The data below should be restated word for word, with every picture omitted.

#####

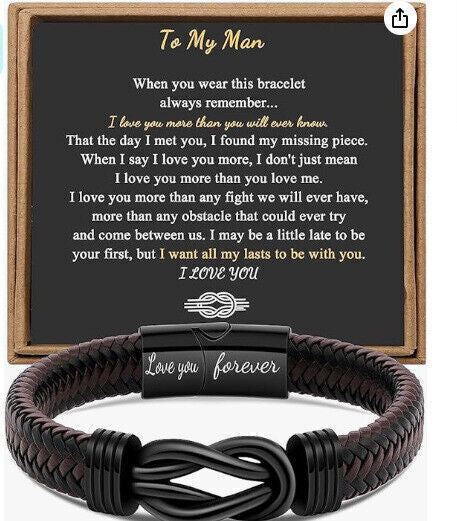 To My Dad/Son/Husband/Man/Love You Forever Leather Braided Bracelet Wristband UK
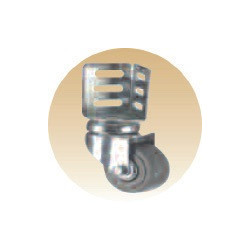 Roulette pivotante sans frein Diam. 50mm fixation équerre 55x35mm Roue à bandage caoutchouc gris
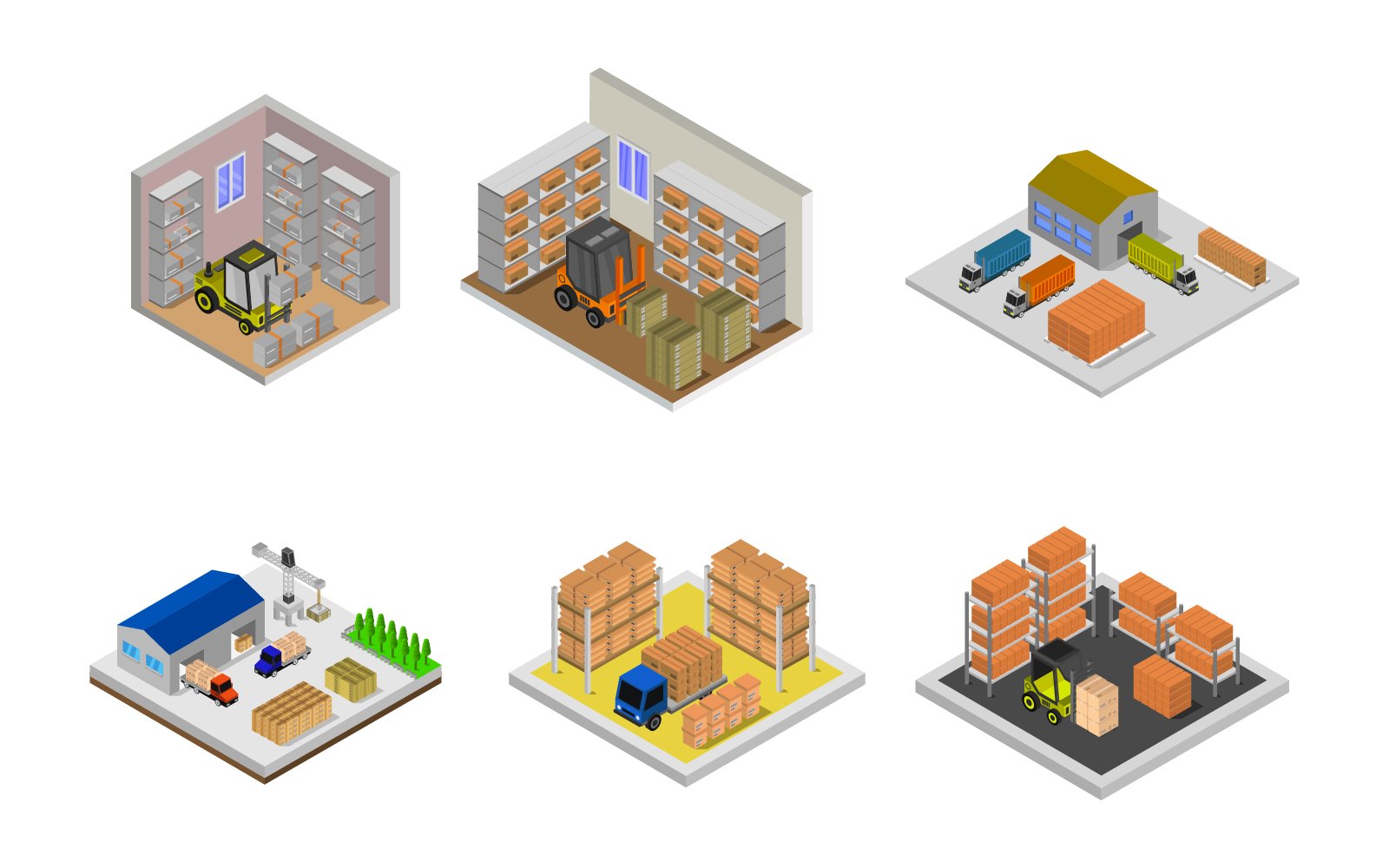 Isometric Warehouse Set - Vector Image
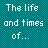 Pixel art collage featuring a teal header with 'The life and times of...' text, multiple gray rock icons with smiling faces, yellow moon-like shapes, musical notes, scissors, and green objects with red X marks on light purple background.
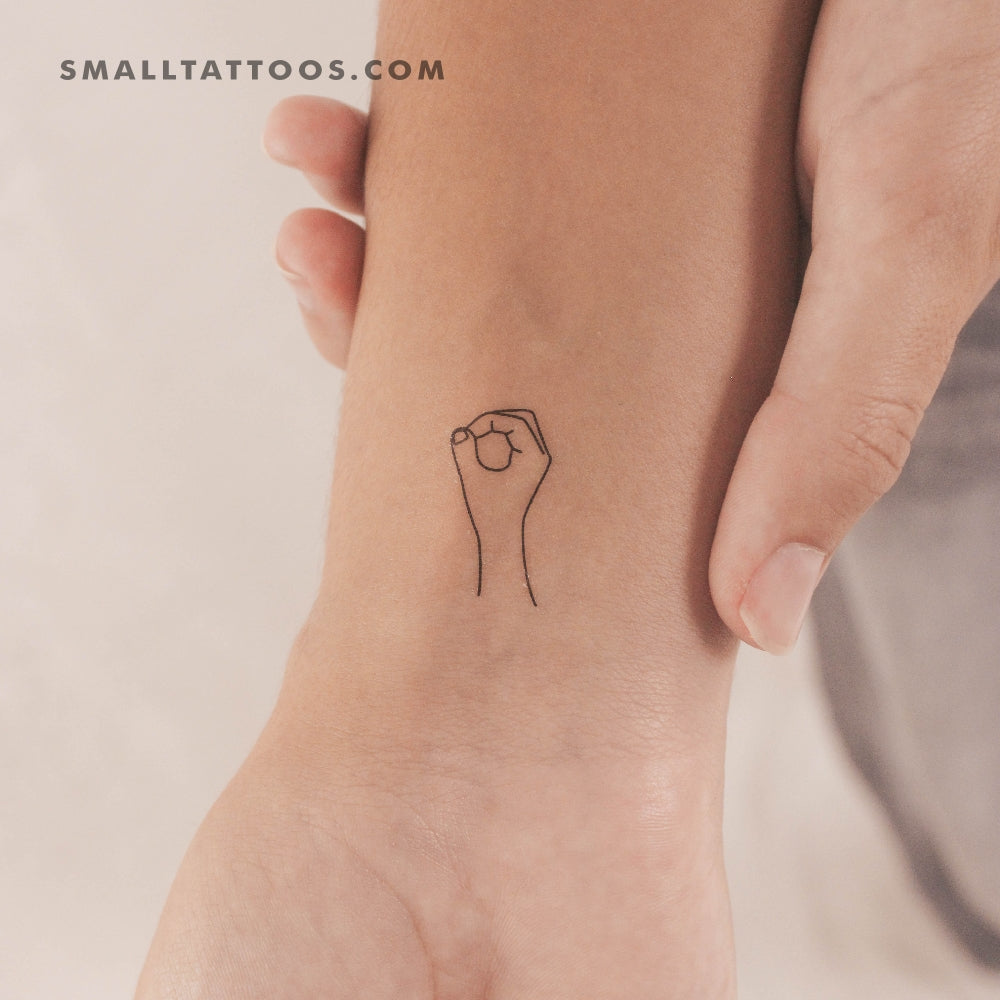 Tatuaje temporal de lenguaje de señas O (juego de 3)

#####

**RESPONSE BELOW:**
 To My Dad/Son/Husband/Man/Love You Forever Leather Braided Bracelet Wristband UK
 Roulette pivotante sans frein Diam. 50mm fixation équerre 55x35mm Roue à bandage caoutchouc gris
 Isometric Warehouse Set - Vector Image
 Pixel art collage featuring a teal header with 'The life and times of...' text, multiple gray rock icons with smiling faces, yellow moon-like shapes, musical notes, scissors, and green objects with red X marks on light purple background.
 Tatuaje temporal de lenguaje de señas O (juego de 3)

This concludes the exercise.